__PROBLEM TO SOLVE__
Would you restate each line of the data below word for word, without its pictures?
---- GIVEN INFORMATION
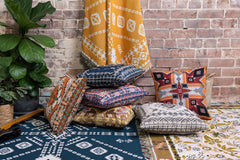 HENDEER - 'Eleanor Rigby' Woven Picnic Rug/Throw: Regular 130x160cm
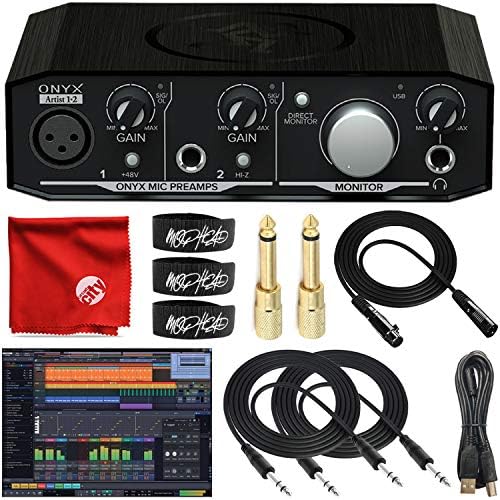Mackie Onyx Producer 1x2 USB Audio MIDI Interface Bundle with Protools
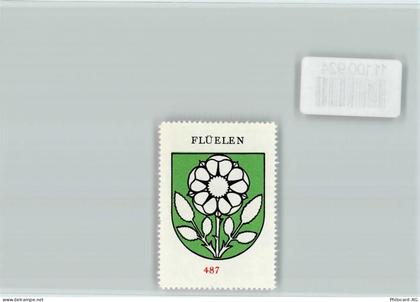 6454 Flüelen - Vignette Wappen Kaffee Hag ca 1920-1940 Flüelen - 11100924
--------
__YOUR SOLUTION__
 HENDEER - 'Eleanor Rigby' Woven Picnic Rug/Throw: Regular 130x160cm
Mackie Onyx Producer 1x2 USB Audio MIDI Interface Bundle with Protools
 6454 Flüelen - Vignette Wappen Kaffee Hag ca 1920-1940 Flüelen - 11100924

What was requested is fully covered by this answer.